It's Not the Day for a School Play for My Son on the Autism Spectrum
My son, Sonny, wasn’t going to participate in his school play.
Sonny has previously surprised us by performing in the “Nativity” at Christmas, although he only stayed for the first half. When they announced they would be putting together a play to show everyone what they have been learning at school, I was excited. Sonny was to wear a pair of blue trousers and a blue t-shirt to become a blue alien in the play.
All was well and good leading to the play. I didn’t hear too much about the progress of the play, but I had the date in my calendar and was really looking forward to sit among the other parents and watch my little boy on the stage.
We got up at 6 am and were ready and breakfasted on time, but Sonny wasn’t happy. It was a challenging morning. Despite it all, we made it to school on time and with smiles, which was an achievement in itself. I told Sonny’s one-on-one he had a tough morning and in all honesty, I suspected he would not be able to cope with the school play. He was tired, so I recommended for him to do something calm and quiet with her rather than the play. In hindsight, the play was probably what was causing Sonny angst. The aide completely understood and we both agreed he needed to get through the school day. I learned he hadn’t really wanted to take part in any of the rehearsals and found getting up on the stage terrifying.
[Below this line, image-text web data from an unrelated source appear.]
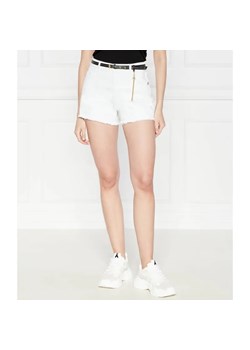 Patrizia Pepe Jeansowe szorty | Regular Fit ze sklepu Gomez Fashion Store w kategorii Szorty - zdjęcie 184997679
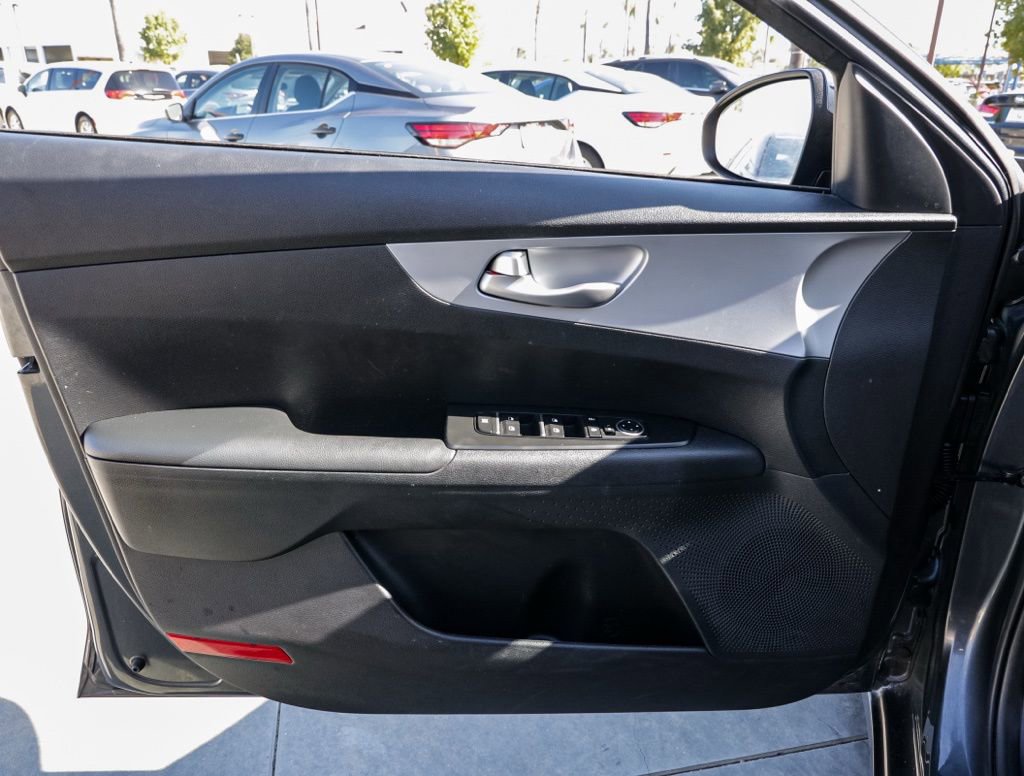 Used 2024 Kia Forte LXS image 14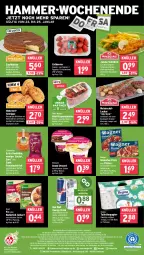 Gazetka promocyjna Wasgau - Gazetka - ważna od 25.01 do 25.01.2025 - strona 24 - produkty: angebot, angebote, auer, aufstrich, Becher, beere, beeren, bio, Brei, brötchen, dessert, drink, drucker, ehrmann, eis, elle, energy drink, Engel, erdbeere, erdbeeren, erde, frucht, fruchtaufstrich, gin, jumbo, Kaiser, Kamill, kamille, Käse, käsekuchen, kerze, knoblauch, knorr, knorr fix, konfitüre, kräuter, kuchen, Kürbis, kürbiskerne, lachs, latte, mac, marinade, mini-rispentomaten, Mürbteig, natur, natura, Ofen, papier, pfanne, pfannen, pizza, red bull, reis, rispentomaten, rwe, saft, Schal, Schale, schinken, schnitten, schnitzel, schoko, Schwartau, schwein, schweine, steinofen, Ti, toilettenpapier, tomate, tomaten, wagner, wein, weine, zucker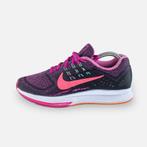 Nike Air Zoom Structure 18 - Maat 38, Nike, Gedragen, Sneakers of Gympen, Verzenden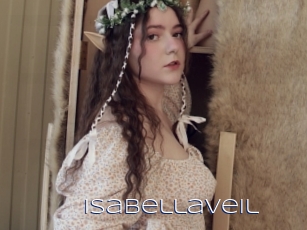 Isabellaveil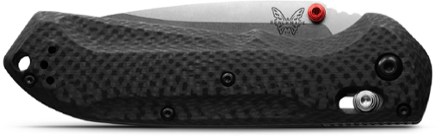 560-03 Freek Carbon Fiber Knife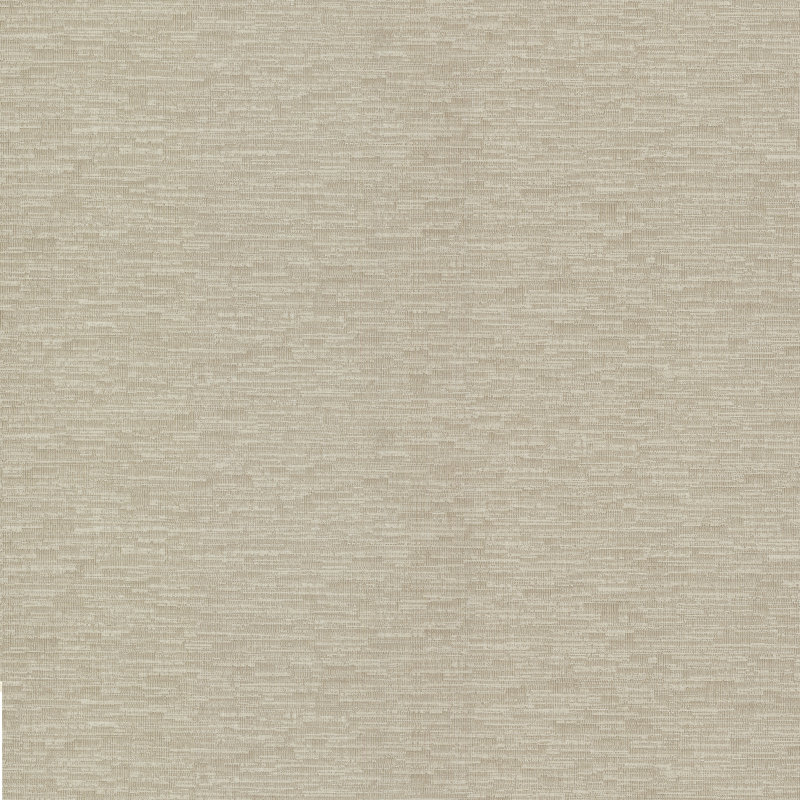 Rouleau de papier peint texturé L 27 pi x l 27 po, Taupe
I’m not good at many things, but there are a few things I believe I am great at. Being a mother is one of them. I am so hard on myself; I am my own worst critic, but I know deep down what Sonny needs. With that in my mind, I continue to make decisions that are in Sonny’s best interests. If I’m right, then great, and if I’m wrong, then we make it as a lesson learned and try again.
Before Christmas, I beat myself up for not allowing Sonny to go the school pantomime, as I knew it would’ve be too much. This time, the decision to keep him from performing in the play was the right decision to make. There is no point in encouraging him to do something he doesn’t feel comfortable with. It will only make things worse and that’s not what anybody wants.
A year ago, I was seriously concerned that Sonny wouldn’t be able to thrive in a mainstream school, but he is. It’s incredible what progress a child can make when all the right supports are put into place. I can’t thank Sonny’s school enough for making it possible for him to access a good education in an environment in he adores and where he feels at home. I love to see him grow in all areas of learning. Even though I know he is not as far advanced as other children his age, I love to watch his reading come along and how he forms his letters in the air with his pointy finger. It melts my heart.
So in the grand scheme of it all, missing a school play to show what he has been learning isn’t the end of the world. I can see what he learns in all the little things he does. I can see his progress in the way he plays with his brothers at home. I can hear it in the beautifully words he speaks now thanks to daily speech and language support.